Using this notion, the language VC-DIMENSION is the set of pairs \((C, k)\) for which \(C\) represents a collection of subsets \(S\) whose VC dimension is at least \(k\). The purpose of this blog post is to show that this language has an intricate relationship with the polynomial hierarchy in computational complexity.

To explain this better, I'm going to introduce some notation:

Let \(\text{P}^A\) be the set of problems solvable in poly-time with a TM that uses an oracle for a problem in \(A\).
Let \(\text{NP}^A\) be the set of problems solvable in nondeterministic poly-time with a TM that uses an oracle for a problem in \(A\).
Let \(\text{coNP}^A\) be the set of problems solvable in co-nondeterministic poly-time with a TM that uses an oracle for a problem in \(A\).

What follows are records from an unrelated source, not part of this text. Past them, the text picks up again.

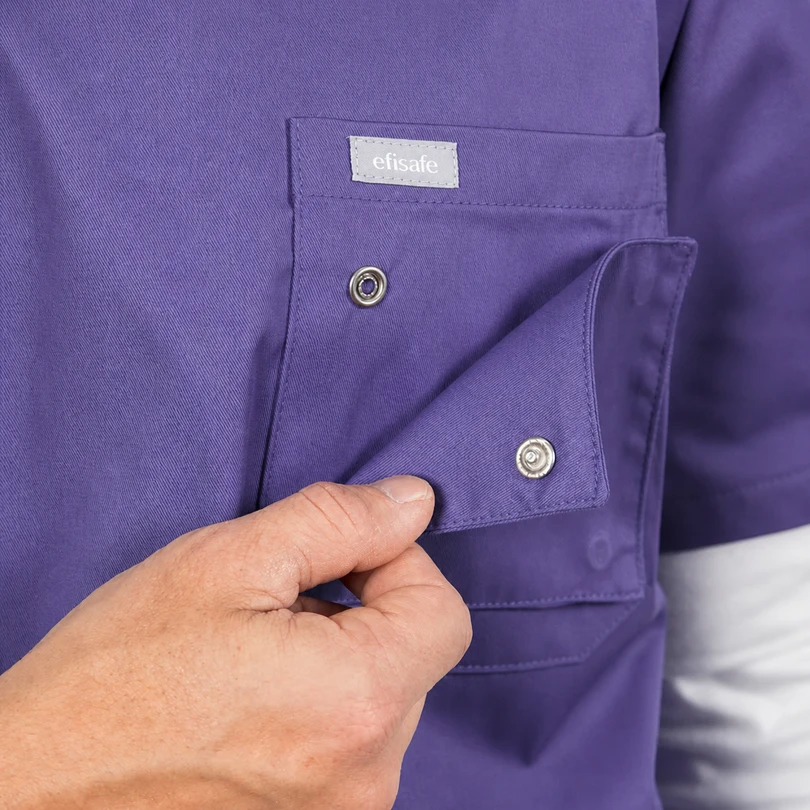 Close-up of a purple work shirt pocket being closed with a snap button; a small white 'efisafe' tag is visible above the pocket.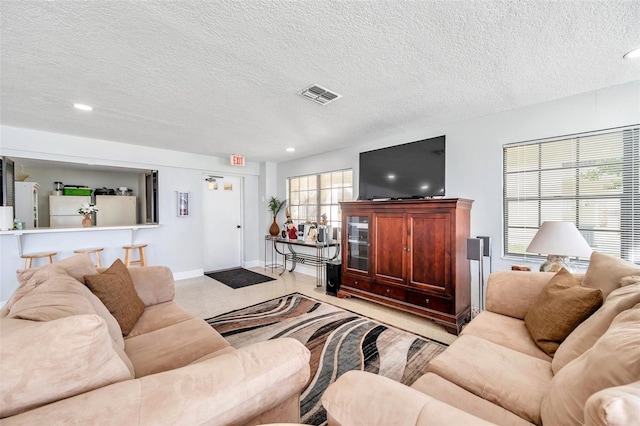 460 Paula Dr S Unit 101, Dunedin, FL 34698 - living area featuring a textured ceiling, recessed lighting, and baseboards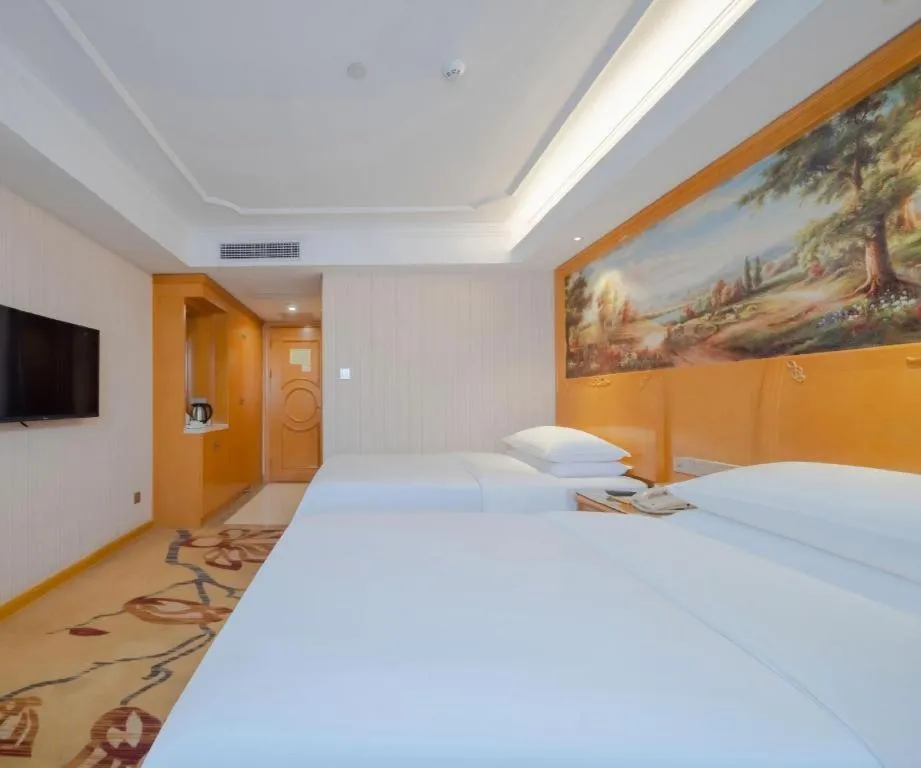 Bed in Vienna Hotel Shenzhen Guanlan Shanshuitianyuan Xintian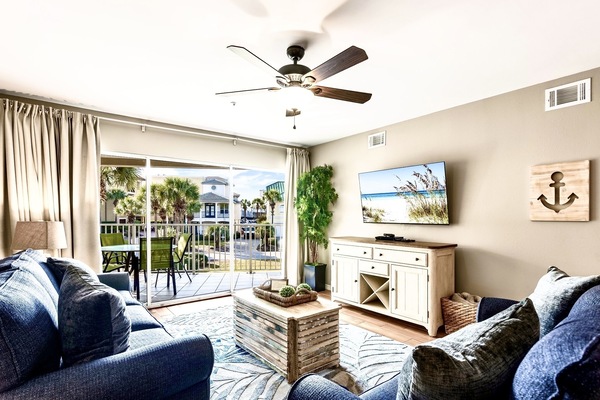 Spacious and airy - living room has full wall of sliding doors & smart TV.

Then, define \(\Delta_0^P := \Sigma_0^P := \Pi_0^P:=P\), where \(P\) is the set of problems that can be solved in poly-time. Then, for all \(i \geq 0\), define: $$\Delta_{i+1}^P:=\text{P}^{\Sigma_i^P}$$ $$\Sigma_{i+1}^P:=\text{NP}^{\Sigma_i^P}$$ $$\Pi_{i+1}^P:=\text{coNP}^{\Sigma_i^P}$$ The result that I want to show here is that the VC-dimension is in \(\Sigma_3^P\), and that is the strongest form of problem in \(\Sigma_3^P\). So, any solution that can compute the VC-dimension can be used to compute any other problem in \(\Sigma_3^P\). The complexity-theoretic word for this phenomenon is completenesss. That is to say, the V-dimension is \(\Sigma_3^P\)-complete.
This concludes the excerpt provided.